I wonder how many visitors to Key West realize they are visiting an island that was once a foreign nation.
According to my local friends, the US Border Patrol, in 1982, set up a roadblock and inspection point on US-1 just south of Florida City. Vehicles were stopped and searched for narcotics and illegal immigrants. The Key West City Council complained repeatedly about the inconvenience for travelers to and from Key West, claiming that it hurt the Keys’ important tourism industry. The City Council’s complaints went unanswered by the U.S. federal government, and attempts to get an injunction against the roadblock failed in court. As a form of protest Mayor Dennis Wardlow and the Council declared Key West’s independence on April 23, 1982. In the eyes of the Council, since the U.S. federal government had set up the equivalent of a border station as if they were a foreign nation, they might as well become one. As many of the local citizens were referred to as Conchs, the nation took the name of the Conch Republic.
On April 23rd Mayor Wardlow was proclaimed Prime Minister of the Republic, and immediately declared war against the United States. The Conch Republic Flag was raised over City Hall and the schooner Western Union, under the command of Captain John Kraus, went forth into the harbor and attacked the Coast Guard Cutter Diligence with water balloons, Conch fritters, and stale Cuban bread. The Diligence fought back with fire hoses and thus commenced the Great Battle of the Conch Republic. Prime Minister Wardlow surrendered and demanded foreign aid (which they are still waiting for).
Although the US government never recognized the independence of Key West, the border checkpoint was closed and the Conch Republic was born – at least as a marketing strategy.
In 1995, it was reported that the 478th Civil Affairs Battalion of the United States Army Reserve was to conduct a training exercise simulating an invasion of a foreign island. They were to land on Key West and conduct affairs as if the islanders were foreign. However, no one from the 478th notified Conch officials of the exercise.
Seeing another chance at publicity, Wardlow and the forces behind the 1982 Conch Republic secession mobilized the island for a full-scale war (in the Conch Republic, this involved firing water cannons from fireboats and hitting people with stale Cuban bread), and protested to the Department of Defense for arranging this exercise without consulting the City of Key West. The leaders of the 478th issued an apology the next day, saying they “in no way meant to challenge or impugn the sovereignty of the Conch Republic”, and submitted to a surrender ceremony on September 22.
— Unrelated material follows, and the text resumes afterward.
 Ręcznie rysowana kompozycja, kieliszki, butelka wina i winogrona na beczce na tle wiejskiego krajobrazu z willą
The Conch Republic actively maintains an Army, Navy, and Air Force whose primary duties are to help re-enact the Great Sea Battle of 1982 and the retaking of Fort Zachary Taylor. The Navy comprises no fewer than 10 civilian boats and the schooner Wolf under the command of Admiral Finbar Gittelman.
The Army consists of the 1st Conch Artillery, garrisoned in Fort Taylor. The Conch Republic Air Force has more than a dozen appointed aircraft in its fleet.
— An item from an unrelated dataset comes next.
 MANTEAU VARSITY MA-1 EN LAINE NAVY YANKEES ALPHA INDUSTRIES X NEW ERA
The Conch Republic celebrates Independence Day every April 23 as part of a week-long festival of activities involving numerous businesses in Key West. The organization — a “Sovereign State of Mind”, seeking only to bring more “Humor, Warmth and Respect” to a world in sore need of all three according to its Secretary General, Peter Anderson — is a key tourism booster for the area.
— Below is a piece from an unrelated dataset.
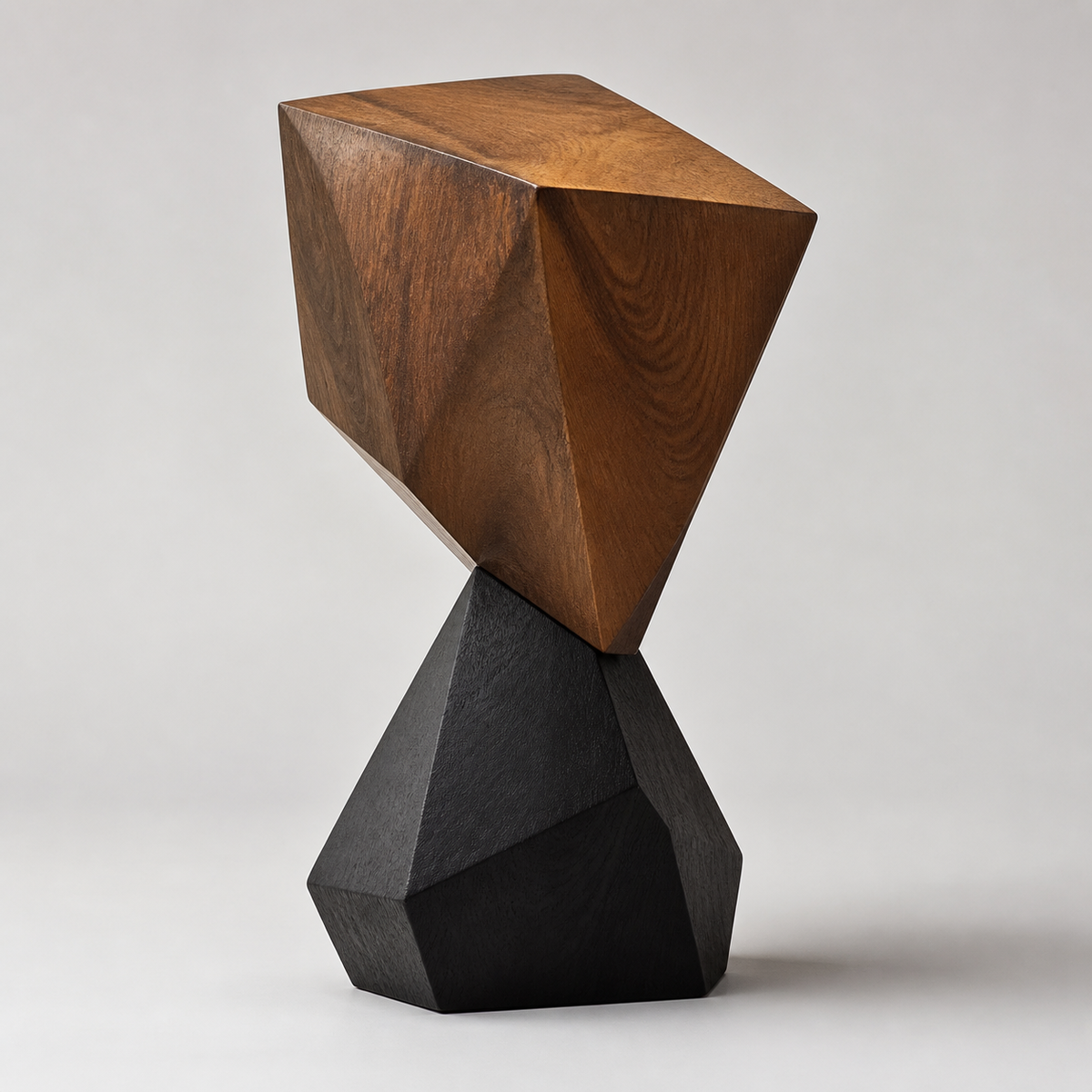 Prism Balance, abstract teak wood sculpture — product view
Through their website, the Republic issues souvenir passports. These are issued as souvenirs, but some have evidently bought them in the mistaken belief they are legitimate travel and identity documents.
The Conch Republic is alive and well in Key West. When you visit Key West you see all kinds of references to the “Conch Republic.” Most tourists write it off as a quirky nickname. Very few of them understand the Conch Republic is real – well, sort of.
As a result of my volunteer work on the Coast Guard Cutter Ingham Museum it was my honor and privilege to be certified as a Deck Officer in the Navy of the Conch Republic. Yes, Key West is a unique place to visit and I encourage you to put it on your list of places to explore!